父 相田みつを

今尚、熱烈な相田みつをファンが大勢いる。私もその中の一人である。
この本は息子の相田一人さんが父相田みつをの生き方を、そして親からの心のメッセージを書いた本である。
彼は父の作品を人生訓ではなく詩だと言う。

人生訓とは教え諭す意味が強い。
感動は教え諭すというような高い所から低い所へというような流れでは起こらない。自分と同じ地平から発した言葉でしか、人は感応しないのではないか。

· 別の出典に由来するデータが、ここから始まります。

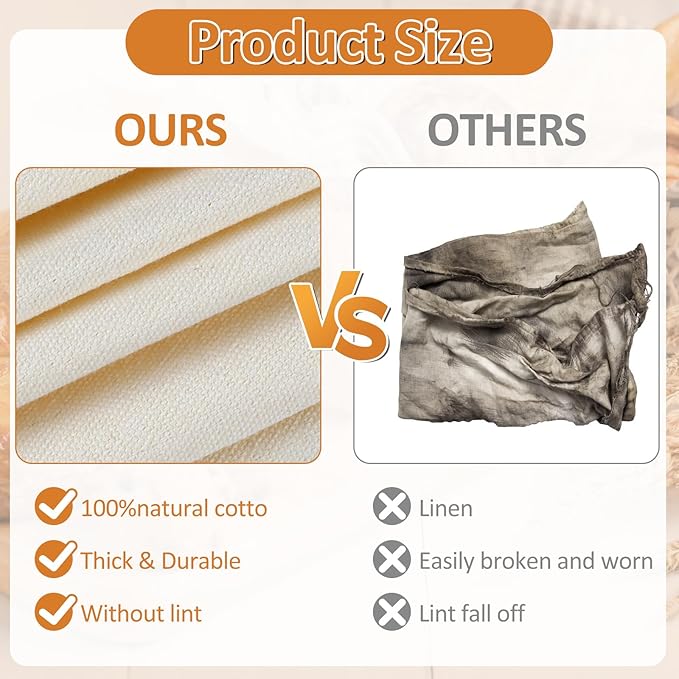 Ninsula 4PCS Tea Towels for Baking Sourdough, 14x18.8 Inch Reusable Thick Bread - Image 3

私もそう思う。だから相田先生の作品はずしりと心に響いてくる。
自らも足に大怪我を負った父の亡くなる間際の心境を綴った「月の砂漠」の章は涙なくして読めない。私も一緒になって父のことを思ってしまった。


長い人生にはなあ
どんなに避けようとしても どうしても通らなければならぬ
道というものがあるんだな
そんなときはその道を 黙ってあるくことだな
愚痴や弱音をはかないでな
黙って歩くんだよ
ただ黙って 涙なんか見せちゃダメだぜ
そしてなあ そのときなんだよ
人間としての いのちの根がふかくなるのは

父が子に伝えたこの詩は何回読んでも涙目になる。
そんな感動がつまった私の心の1冊である。